Leading cement-maker Holcim Philippines grew its nine-month net profit by 47.8 percent year-on-year to P3.74 billion while results in the third quarter, usually a lean period, showed steady growth in sales volume and stable prices.
Net profit in the third quarter, alone, rose by 34.2 percent year-on-year to P691.2 million, which was attributed to continued revenue growth and the company’s cost management efforts and efficiency initiatives, Holcim said in a statement Wednesday.
Third quarter sales revenue grew by 7.4 percent year-on-year to P6.9 billion from year-ago level as demand and prices remained steady with both the private and public sector pushing ahead with projects. This brought the nine-month revenue 9.5 percent higher year-on-year to P22.1 billion.
“The robust construction activities again pushed demand to outperform our expectation in the third quarter,” said Holcim chief executive officer Ed Sahagun, adding that the company had completed most of its maintenance activities.
Holcim’s plants went on their seasonal repairs in the third quarter, but the company said it made sure the markets were supported with supply.
The government reported that infrastructure and capital outlays grew by 38.5 percent to P169.6 billion.
Sahagun said the company’s plants in La Union and Misamis Oriental would have higher production capacities because projects to improve efficiencies were also implemented during the maintenance breaks.
“We’re proud to have completed our scheduled shutdowns safely. With these done, we are now focusing our attention to regular operations. These initiatives plus the start of our Mabini operations prepared us well for the expected upswing in demand.

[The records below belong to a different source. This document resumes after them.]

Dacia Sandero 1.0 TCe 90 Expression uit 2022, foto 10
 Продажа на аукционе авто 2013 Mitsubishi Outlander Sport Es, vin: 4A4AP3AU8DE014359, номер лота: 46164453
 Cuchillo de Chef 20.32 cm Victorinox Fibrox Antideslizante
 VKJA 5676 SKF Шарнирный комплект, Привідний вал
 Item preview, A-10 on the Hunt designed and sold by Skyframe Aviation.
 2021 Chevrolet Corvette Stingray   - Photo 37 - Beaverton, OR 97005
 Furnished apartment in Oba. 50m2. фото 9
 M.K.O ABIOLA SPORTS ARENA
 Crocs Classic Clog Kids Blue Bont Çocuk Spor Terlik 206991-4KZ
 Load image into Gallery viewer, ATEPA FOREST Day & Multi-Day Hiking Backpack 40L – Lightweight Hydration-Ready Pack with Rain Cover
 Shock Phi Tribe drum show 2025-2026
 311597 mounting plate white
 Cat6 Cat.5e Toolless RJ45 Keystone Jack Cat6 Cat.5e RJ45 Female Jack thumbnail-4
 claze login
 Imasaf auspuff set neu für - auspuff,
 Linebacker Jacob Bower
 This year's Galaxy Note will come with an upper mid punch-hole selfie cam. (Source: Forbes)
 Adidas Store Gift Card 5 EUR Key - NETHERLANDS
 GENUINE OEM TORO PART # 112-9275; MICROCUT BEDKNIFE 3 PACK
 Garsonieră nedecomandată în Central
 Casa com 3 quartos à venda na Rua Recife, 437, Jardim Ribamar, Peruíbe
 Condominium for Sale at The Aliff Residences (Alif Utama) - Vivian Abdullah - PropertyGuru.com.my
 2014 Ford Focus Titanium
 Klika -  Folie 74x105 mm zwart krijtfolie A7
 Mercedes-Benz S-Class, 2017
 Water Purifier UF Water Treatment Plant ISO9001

I expect us to finish the year strong so we can build momentum going into 2014,” he said.
Sahagun said the third quarter was a pleasant surprise for the cement industry as sales volume expanded by 9 percent, which he said suggested that the industry might surpass the 5-6 percent growth target for the whole year.
For Holcim, sales volume in the third quarter grew by only 4 percent but this was due to capacity constraint.
“We need another mill to bring it up and that’s where the Mabini plant comes in,” Sahagun said.